INSTRUCTIONS FOR THE TASK: Exclude the pictures and reproduce exactly the lines that run from the one holding "Balea Лосьйон для укладання локонів, 100 мл" to the end of the entries below.

ENTRIES SUPPLIED:

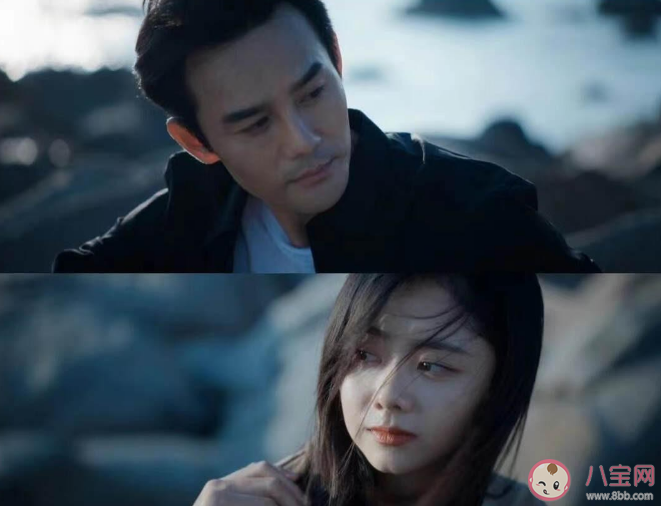 《向風(fēng)而行》經(jīng)典臺詞語錄大全 《向風(fēng)而行》經(jīng)典臺詞句子摘抄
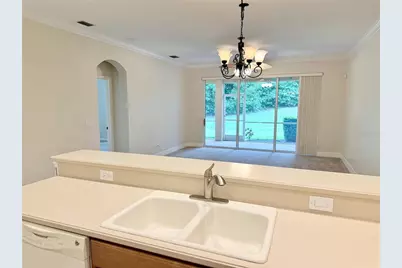 11479 52nd Court E, Parrish, FL 34219 - Photo 9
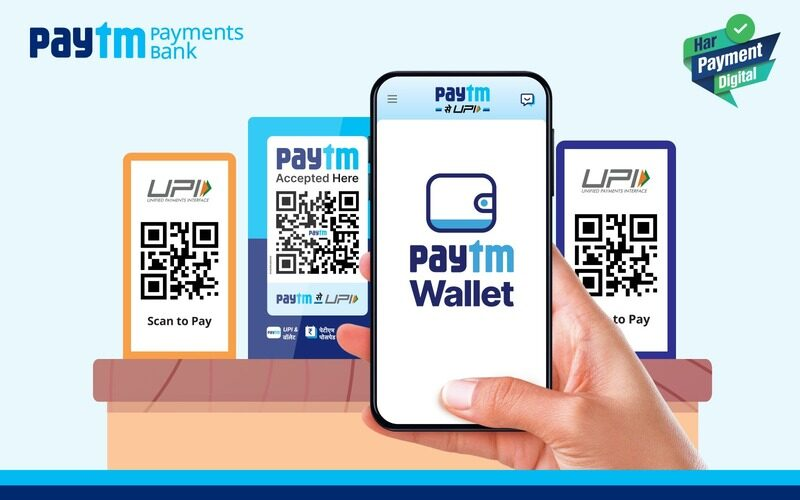 Payment Gateway For Antique Jewelry In India | igpay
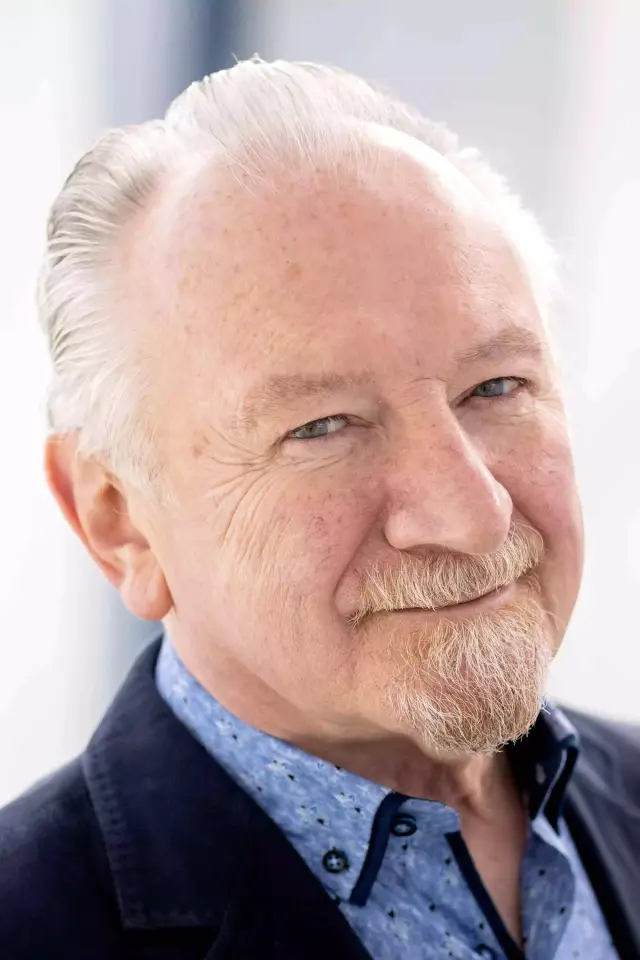 Фото  (Dónal Lunny)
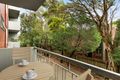 Property photo of 2/43 Rockley Road South Yarra VIC 3141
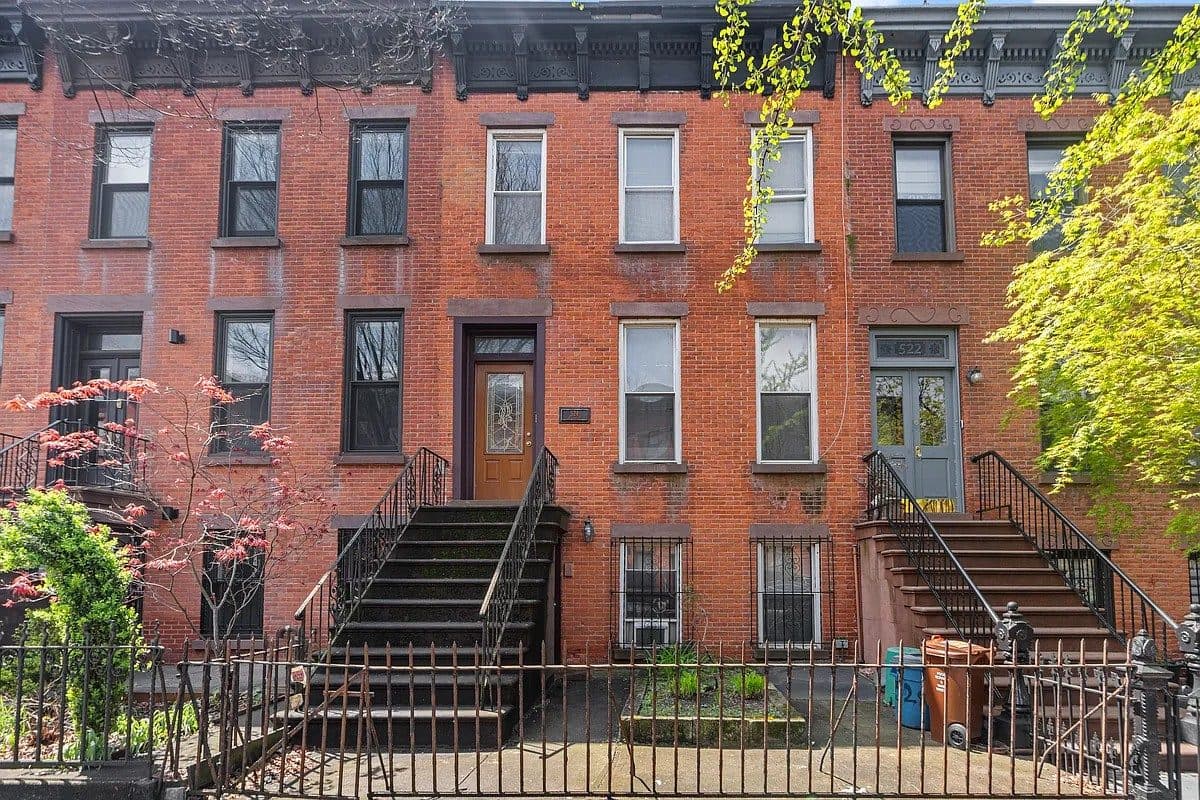 524 11th Street — photo 37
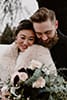 photographe mariage industriel lyon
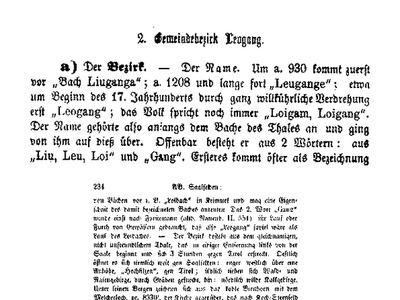 Datei-Vorschaubild - Dürlinger_Vom-Pinzgau Name Pfarre Seelsorger Pfarrkirche Volksschule Hüttschule_1866.pdf
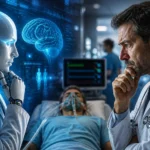 Health AI Trends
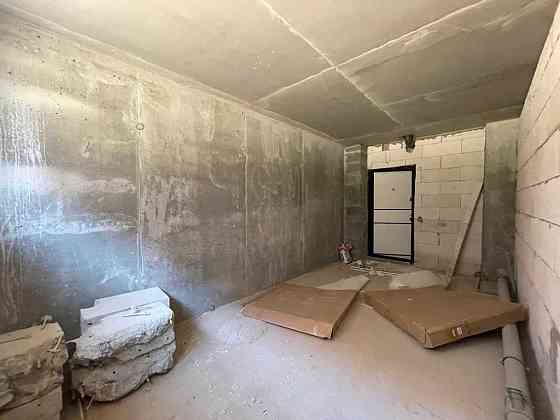 Власник! Ціна за Всю квартиру!! Петровский Квартал! Дубова Алея Святопетрівське (Києво-Свят.р-н)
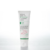 AXIS - Y - Sunday Morning Refreshing Cleansing Foam 120ml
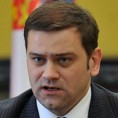 Стефановић: Подржавам разговор са НДС-ом 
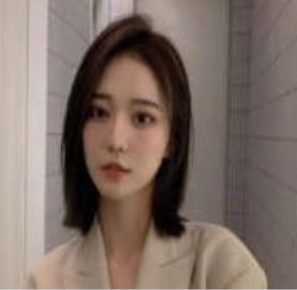 番茄主播七七樱子最新展示全集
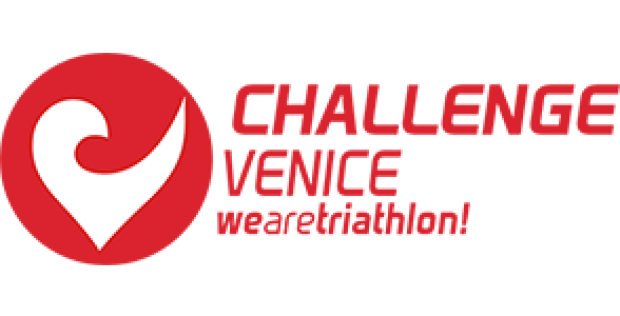 logo challenge venice
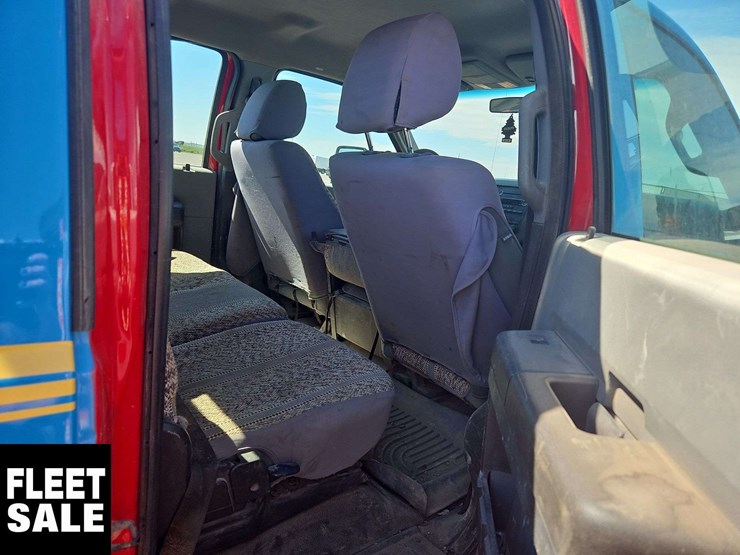 2012-ford-f450-image-11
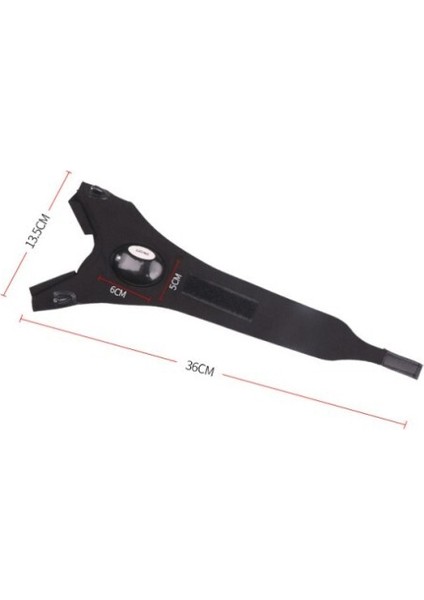 LED Işıklı Çalışma Eldiveni Sağ Sol Çift fiyatları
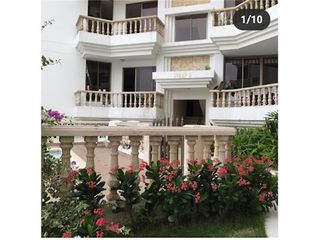 Foto 25 de VENTA de APARTAMENTO en BARRANQUILLA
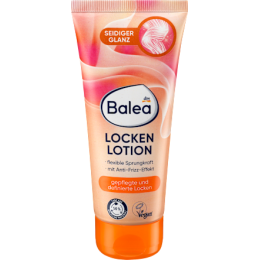 Balea Лосьйон для укладання локонів, 100 мл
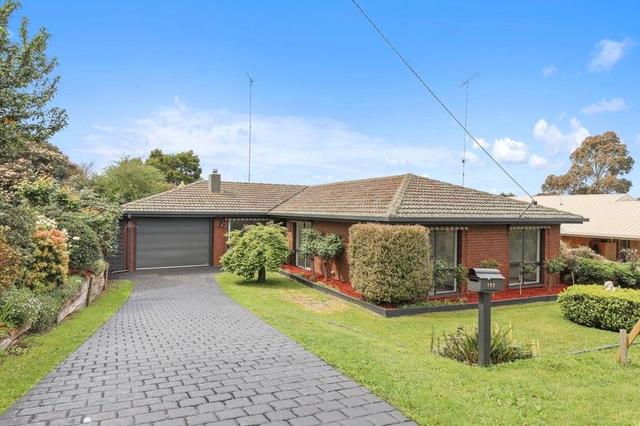 106 North Road, VIC 3820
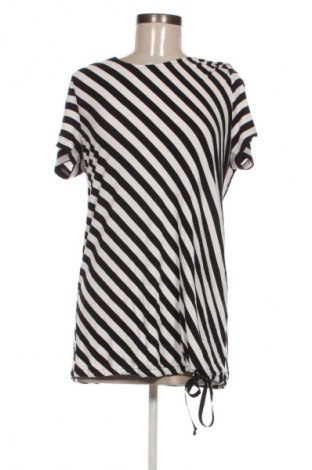 Damen Shirt Gina Benotti, Größe L, Farbe Mehrfarbig, Preis 13,99 €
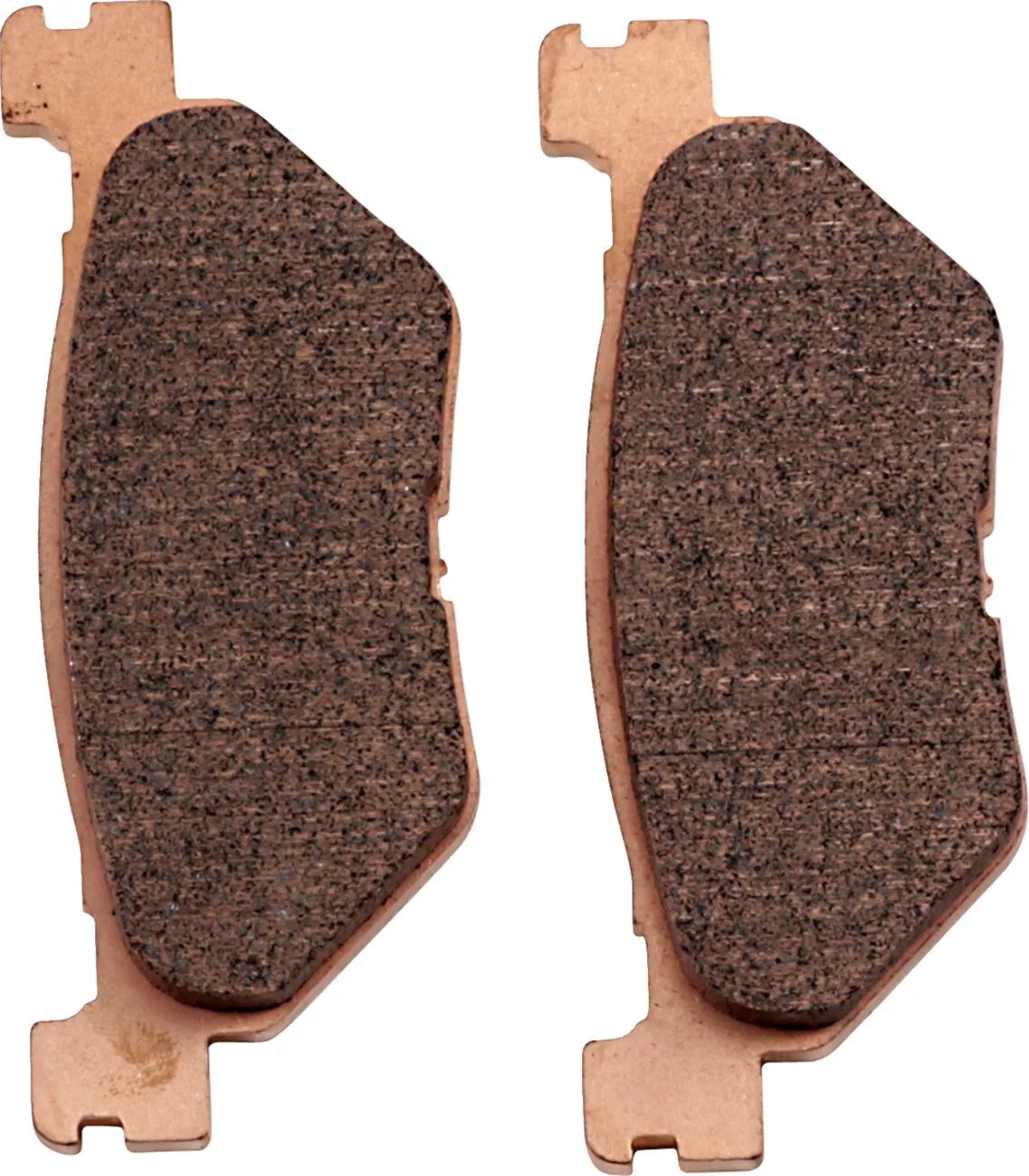 Galfer Hh Sintered Brake Pads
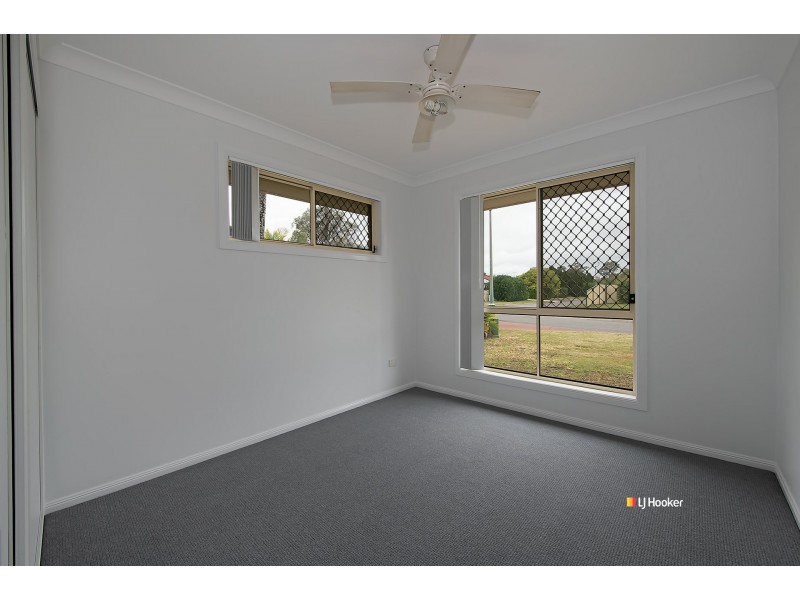 13 Lavender Court, Bray Park QLD 4500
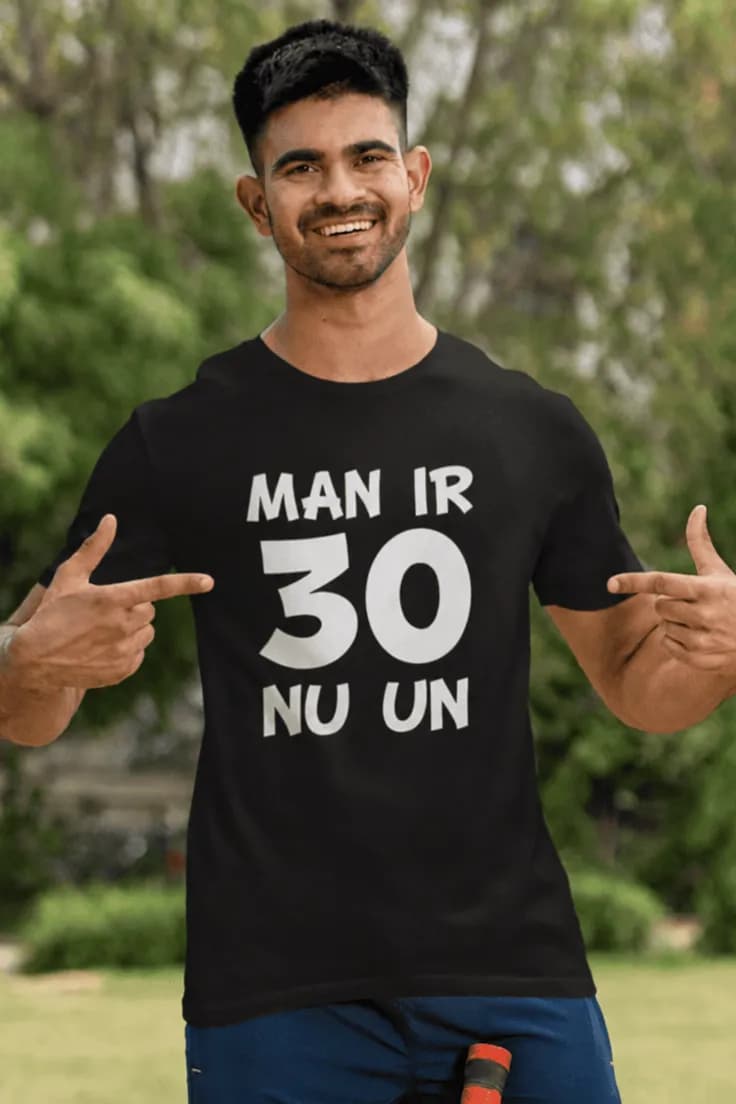 Produkta attēls 1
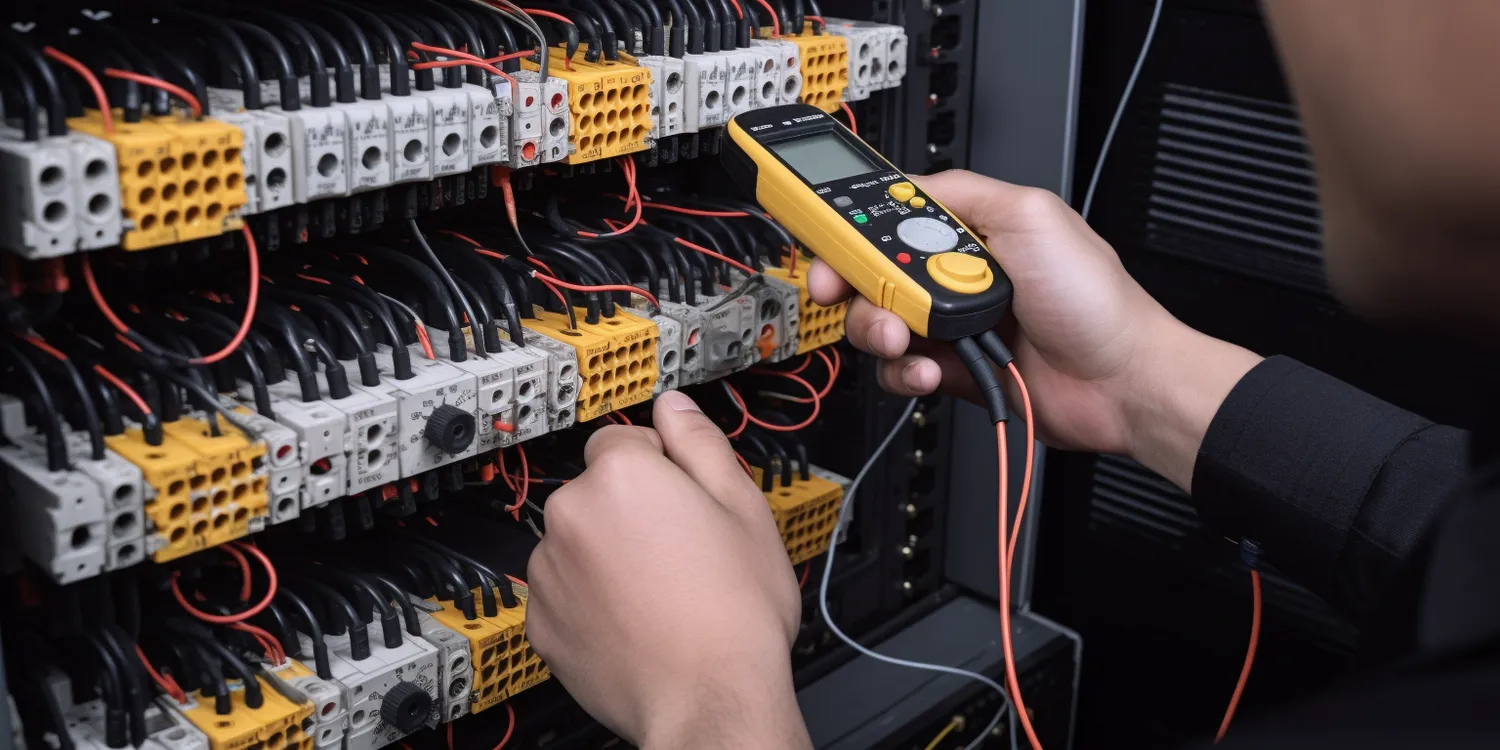Ile zarabia elektryk po studiach?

OUTPUT OF THE EXERCISE:
 Balea Лосьйон для укладання локонів, 100 мл
 106 North Road, VIC 3820
 Damen Shirt Gina Benotti, Größe L, Farbe Mehrfarbig, Preis 13,99 €
 Galfer Hh Sintered Brake Pads
 13 Lavender Court, Bray Park QLD 4500
 Produkta attēls 1
Ile zarabia elektryk po studiach?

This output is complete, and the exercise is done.